Castle Hill reaches for new heights

Sue Harrison
BANNER STAFF

After three decades, people have come to expect a solid line-up of summer classes from the Truro Center for the Arts at Castle Hill, and this year the staff has gone further than ever before to bring more classes covering a wider swath of the arts in a season that stretches into the fall.

Tucked away in the green Pamet Valley, Castle Hill's summer classes include nine in painting, three in drawing, one in illustration, four in printmaking, two in paper and book arts, one in video, two in metal, one in glass, five in sculpture, 12 in writing, six in photography, 10 in clay and a special selection for kids. The new fall line-up will offer a developmental intensive in clay along with the two weeks of The Tuscany Workshops created by Joel Meyerowitz and Maggie Barrett.

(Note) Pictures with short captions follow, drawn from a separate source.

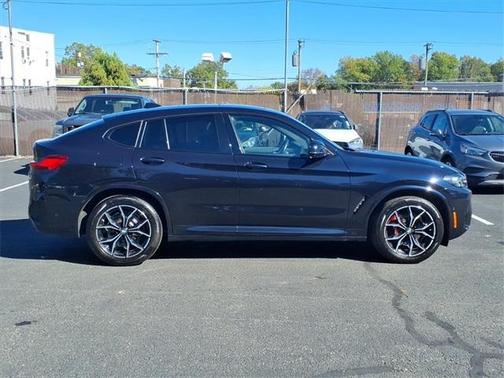 2023 BMW X4 M40i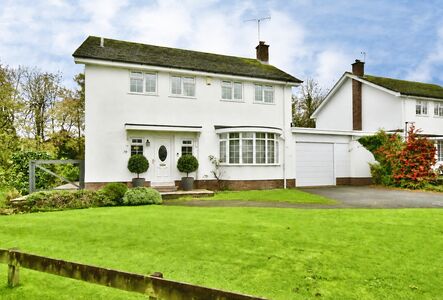 Bollinwood Chase, 4 bedroom Detached House for sale, &pound;899,999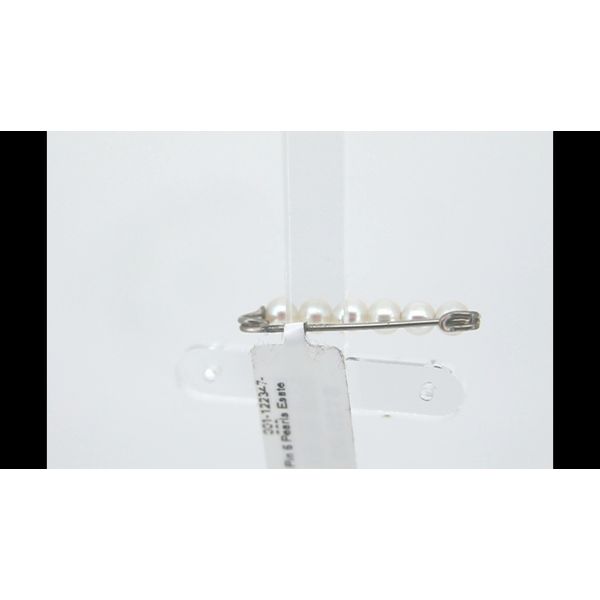 Estate Pearl Pin Image 2 Timmreck & McNicol Jewelers McMinnville, OR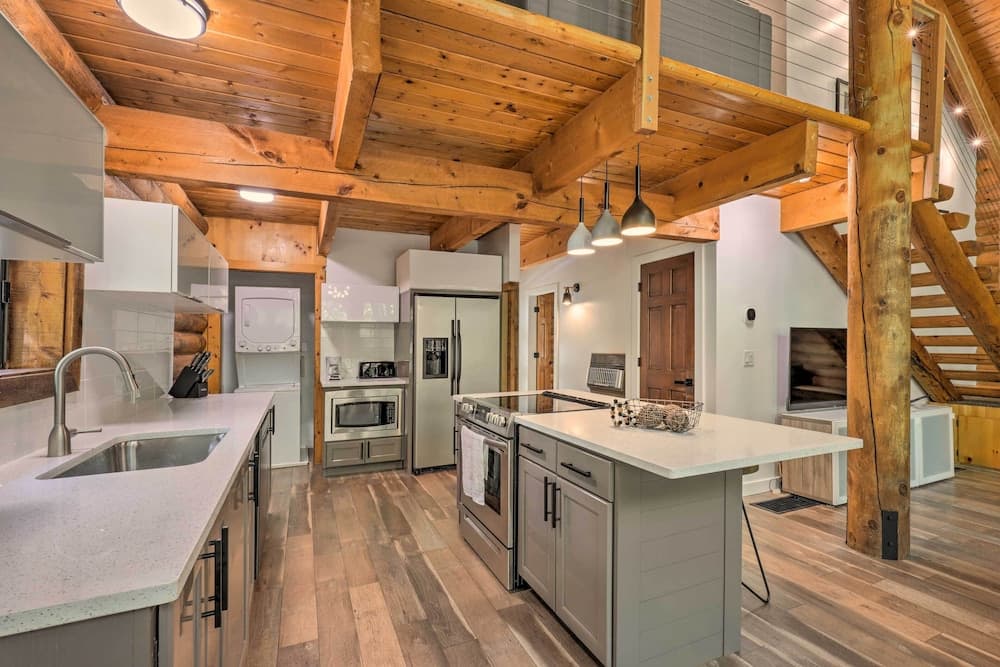 Provo Cabin w/ Mountain Views, Babbling Creek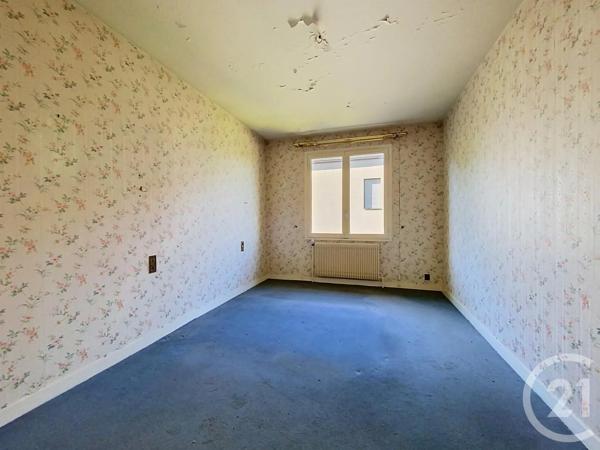 Maison à vendre  8 pièces - 153,30 m 2   LE PUY EN VELAY  - 43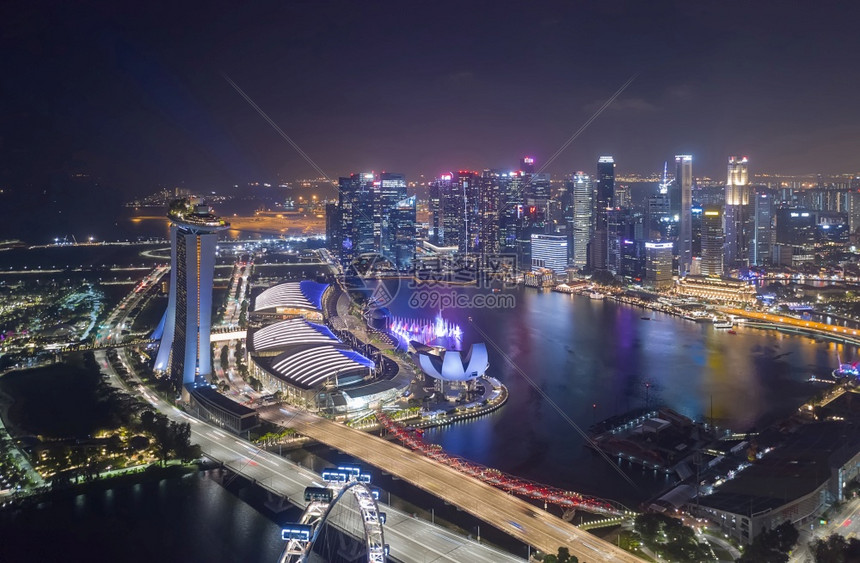 黎明SINGAPORE新加坡2型空中无人驾驶飞机对新加坡商业区和城市MarinaBay的空中巡视于20年月日位于新加坡中部地区博图片
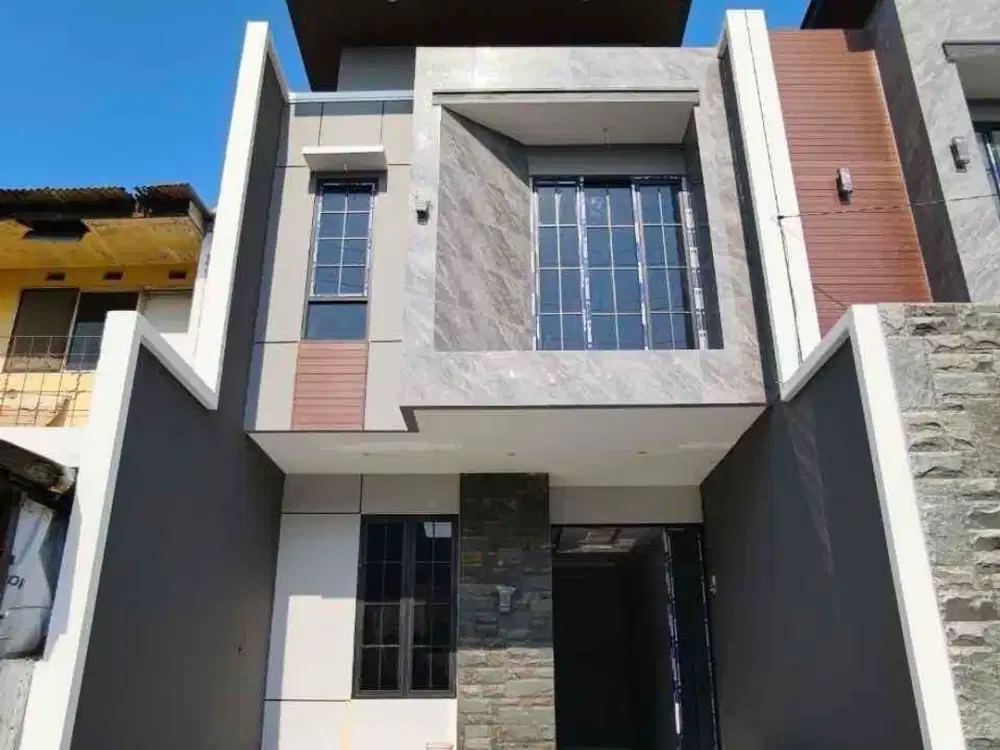 Baru Gress‼Rumah Manyar  Jarang Ada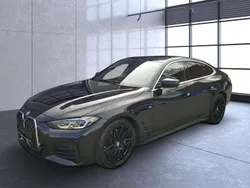 Black sapphire metallic Gebraucht 2024 BMW 430 M Sport Coupé | 46.699 € (Fairer Preis)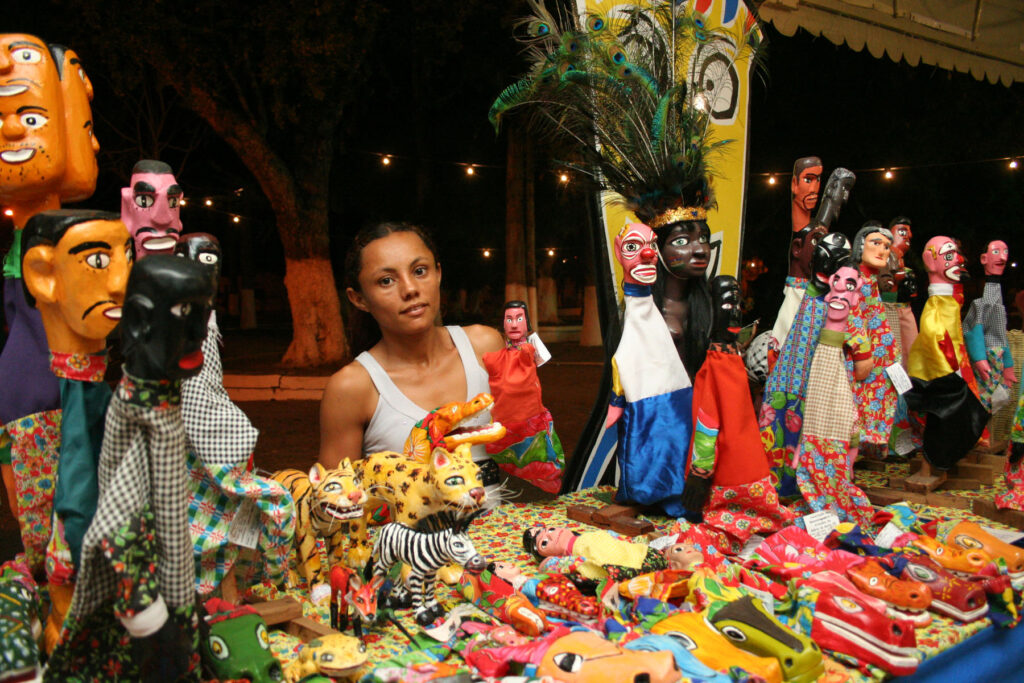 Feira de Artesanato A Arte dos Artesaos da Mata Norte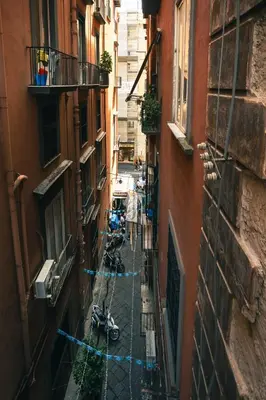Vista generica su Napoli o vista sulla città dall'interno del bed & breakfast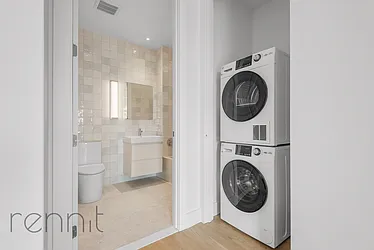 Rented by Rennit Inc.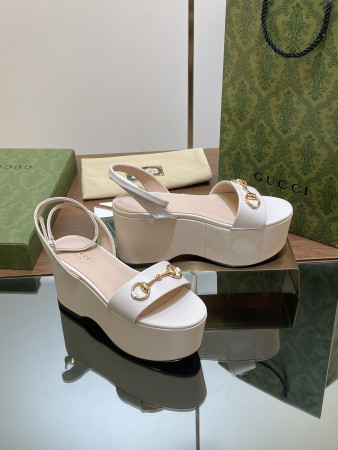 UA GUCCI WOMEN'S HORSEBIT FLATFORM SANDAL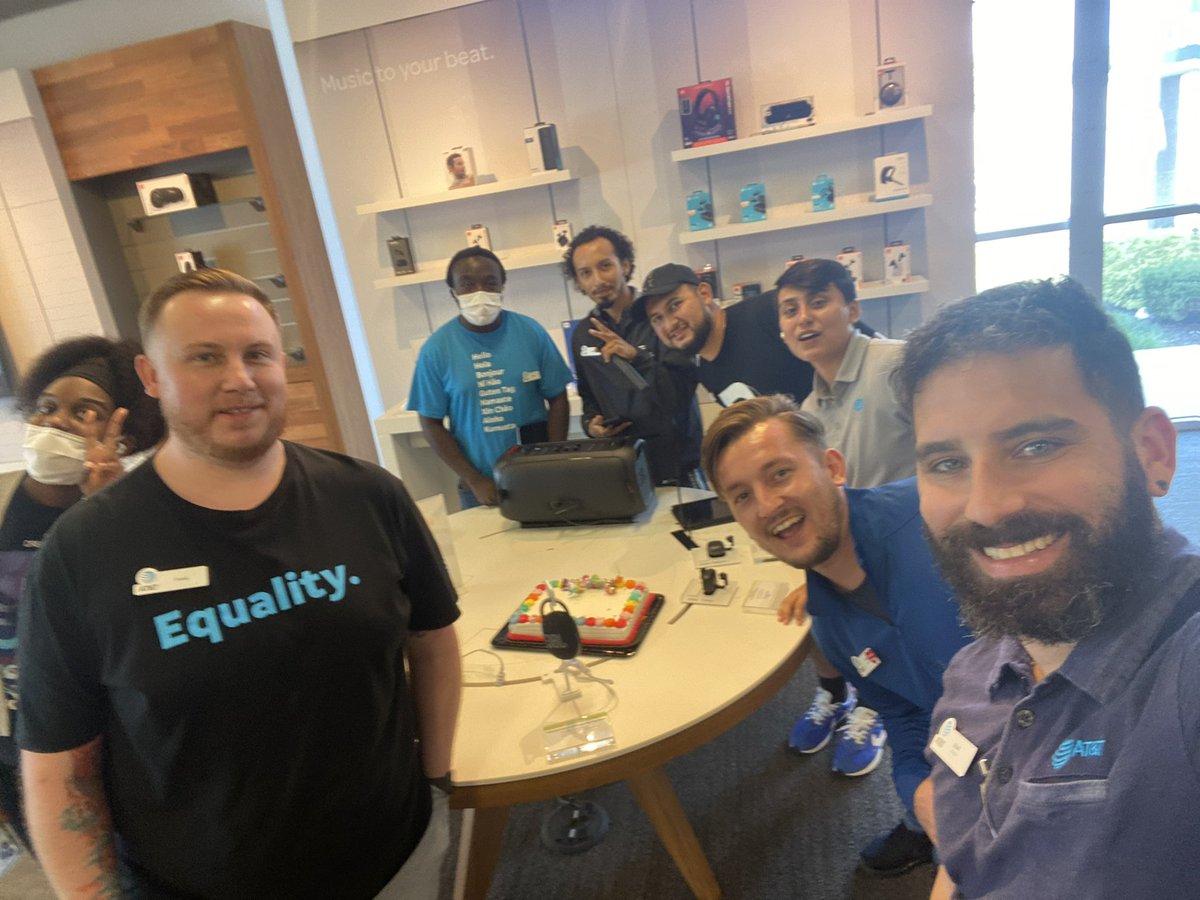 4theland's tweet photo. It’s Frank’s #birthday today so we got him a cake and sang happy birthday on the new Party Box by @JBLaudio. @edenallison86 @Woody0709 #HappyBirthday #LifeAtTT #KAMO #H4N1 #GOATsquad https://t.co/SypDwKiNdO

Castle Hill director Mary Stackhouse, an artist in clay as well as the administrator, is finally able to sit back and take a deep breath now that the schedule is set and the catalog printed and in the mail. She's excited about new classes, new instructors and a roster of returning teachers that's like a who's who of well-known artists and writers.

In the painting classes, Bob Bailey will be taking over painting fundamentals and leaving master drawing which he taught last year. Norvel Hermanovski, who owns an international mural company, will teach fresco painting in August. Sam Woolcott, a young woman from California, is filling the gap in abstract work.

'We've had calls for abstract but finding the right teacher is hard,' Stackhouse says. 'Woolcott seemed to have the right vocabulary for it ... and the ability to create a narrative within the abstraction.'

Returning paint instructors include Elizabeth Pratt (watercolor), Joan Hopkins Coughlin (landscape), Robert D. Hunter (landscape/oils), Selina Trieff (representation), Robert Henry (the figure) and Noa Hall (landscape). Leslie Jackson will teach drawing from the masters, Vivian Bower will present drawing landscapes in pastel and a master drawing class will be offered.

Truro artist Oren Sherman will head a new class in illustration. 'Castle Hill teaches fine arts and crafts and writing,' Stackhouse says. 'What gets lost are the applied arts. This is very definitely that. The skill is the issue. The mug has to work, the teapot has to pour.'

Returning printmakers are Sidney Hurwitz, (printmaking workshop), D. Cochran (polymer plate etching and Don Gorvett (reduction woodcuts). New this season are D'Amario and Linge, from the Pace Gallery in New York. They are technicians and artists and will get into the technical aspects of producing the artist's book.

For many printmakers, the natural progression is to making one's own paper. Sheryl Jaffee, a 3-D paper artist, will lead a new class in papermaking. Susan Lightcap will reprise her class in handmade books.

'We are sneaking into film through writing,' Stackhouse says of Lori Zippay's video class on theme and chronology. Zippay is the executive director of a video company that collects and preserves videos. Virtually everything on video that winds up being seen in the regular ways passes through Zippay's hands.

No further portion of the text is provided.